Nearly four years have passed since The Crimes of Grindelwald hit cinemas, but its successor picks up its wand where that dull sequel left off. That means reuniting with young Albus Dumbledore, who was the best thing about the last feature thanks to Jude Law (The Third Day) following smoothly in Michael Gambon and Richard Harris' footsteps. Actually, it means reuniting Dumbledore with Grindelwald first. And, it involves overtly recognising that the pair were once lovers. The saga that's stemmed from JK Rowling's pen isn't historically known for being inclusive, much like the author's transphobic statements — and it's little wonder that getting candid about such a crucial romantic connection feels cursory and calculating here, rather than genuine. The same applies to The Secrets of Dumbledore's overall message of love and acceptance, which can only echo feebly when stemming from a co-screenwriter (alongside seven-time HP veteran Steve Kloves) who's basically become the series' off-screen Voldemort.
Referencing Dumbledore and Grindelwald's amorous past serves the narrative, of course, which is the real reason behind it — far more than taking any meaningful steps towards LGBTQIA+ representation. Years prior, the two pledged not to harm each other, binding that magical promise with blood, which precludes any fray between them now. Enter magizoologist Newt Scamander (Eddie Redmayne, The Trial of the Chicago 7) and his pals. Well, most of them. Newt's assistant Bunty (Victoria Yeates, Call the Midwife), brother Theseus (Callum Turner, Emma), No-Maj mate Jacob (Dan Fogler, The Walking Dead), Hogwarts professor Lally (Jessica Williams, Love Life) and Leta Lestrange's brother Yusuf Kama (William Nadylam, Stillwater) are accounted for, while former friend Queenie (Alison Sudol, The Last Full Measure) has defected to Grindelwald. As for the latter's sister Tina (Katherine Waterston, The World to Come), she's spirited aside, conspicuously sitting Operation Avoid Muggle Genocide out.
Dumbledore's plan as the movie hops from New York and Hogwarts to Berlin and Bhutan: to stop Grindelwald via Newt and company, and also stop him seeing the future to rig an election. To put his new world order into effect, Grindelwald needs to become the Supreme Mugwump of the International Confederation of Wizards, but a fantastic beast just might foil his chances. The Secrets of Dumbledore is largely a grey-hued, grimly serious political thriller that frequently feels like it just happens to take place amid wand-waving folks (its nods to actual history are that blatant), but it occasionally remembers to include the critters mentioned in its moniker. That said, courtesy of a cute but mostly superfluous scene with Newt, Theseus and a hip-wiggling scorpion dance, it fares better at acknowledging mythical animals than spilling many Dumbledore secrets.

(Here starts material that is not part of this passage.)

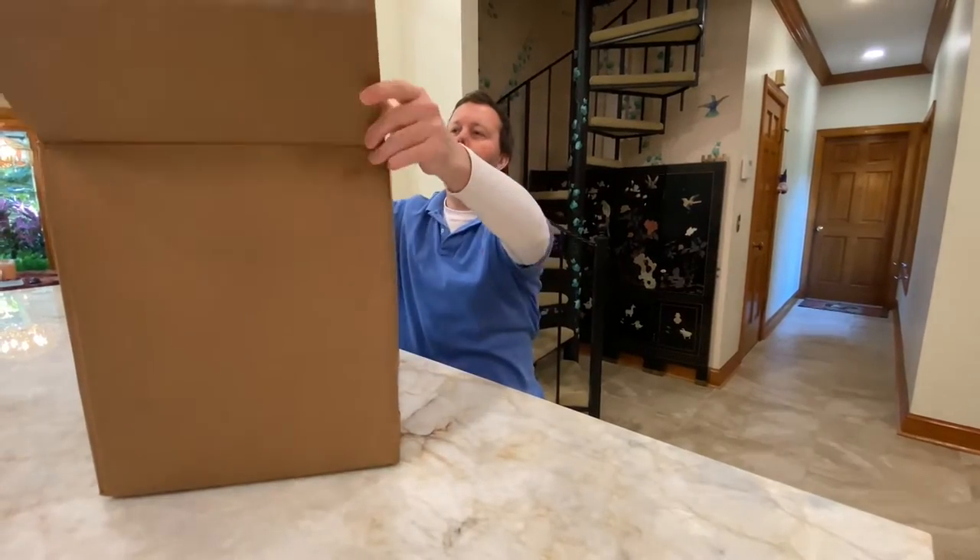Welcome back to the channel, guys. Today we have a special delivery: a Yeti Load Out five gallon bucket. So we have an unboxing here.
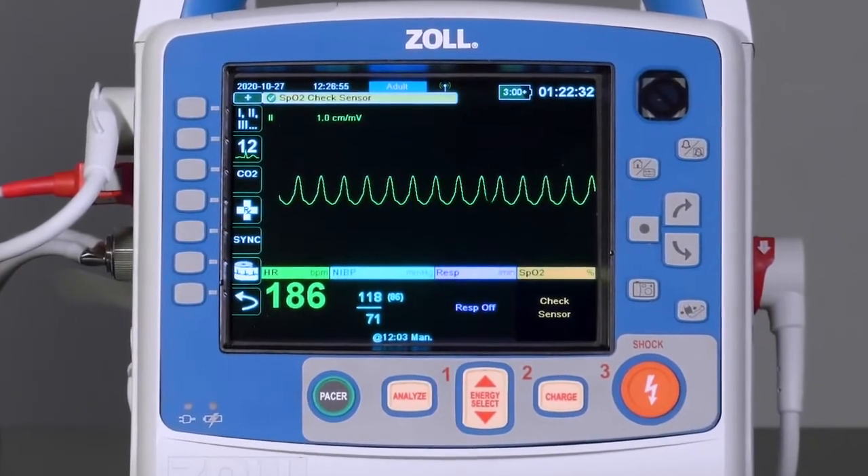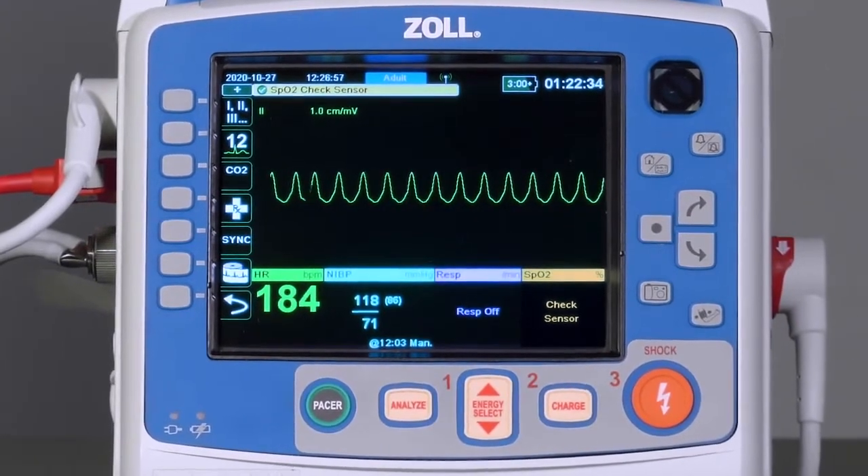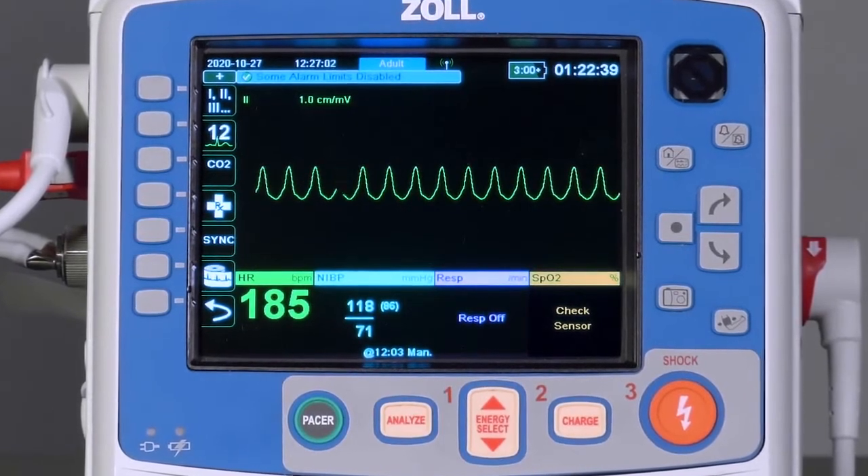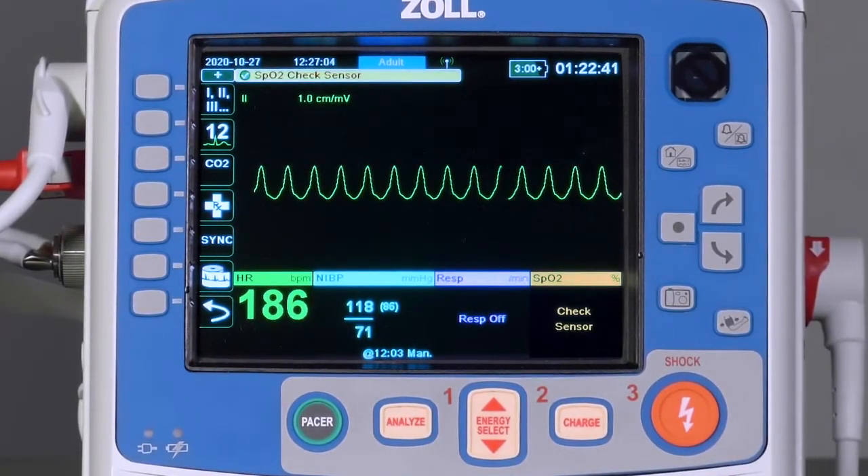This reduces the chance of inducing ventricular fibrillation. Performing a synchronized cardioversion on the X-Series Advanced requires the use of the Sync button, found on the left side of the main screen.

A villain swap, a half-hearted queer romance, past protagonists shunted off or playing second exploding tuba to fan favourites, a prequel series that doesn't recall what it was originally about, a title that's barely fulfilled: these aren't the ingredients for a great or even average movie, let alone an entrancing one. While some of the above occurs for sound reasons — Law swiftly outshining Redmayne in the last picture, for instance — The Secrets of Dumbledore is the filmic equivalent of throwing whatever's at hand into a cauldron and expecting a life-changing potion to bubble up. It's stitched together from shards of ideas, glimmers of possible good intentions and heavy sprinklings of nostalgia (quidditch and all), but the most it manages to be is perfunctory. Helming his seventh Wizarding World instalment, director David Yates retains a knack for setpieces at least — but even with plenty of chases and duels, and with his technical team doing much of the feature's heavy lifting, the visual wonders are still few and far between.
Two more Fantastic Beasts entries are currently slated; you don't need Grindelwald's sorcery to know HP won't leave screens anytime soon. But as The Secrets of Dumbledore demonstrates over and over, this saga struggles with purpose. That isn't surprising given that keeping the series going by any means necessary, and trying to keep everyone who grew up loving all things Potter in the late 90s/early 00s happy as well, remain its chief aims. Those kids are now adults, which is why the Fantastic Beasts movies focus on fully grown witches and wizards rather than Hogwarts students. Little else here has matured with them, though, or been fleshed out — despite obvious World War II parallels and nods to today's divided times playing key parts. Call it arrested franchise development, call it a floundering spell, call it an exercise in disenchantment: they all fit, and The Secrets of Dumbledore doesn't have the elixir, incantation or even ambition to magic up anything else.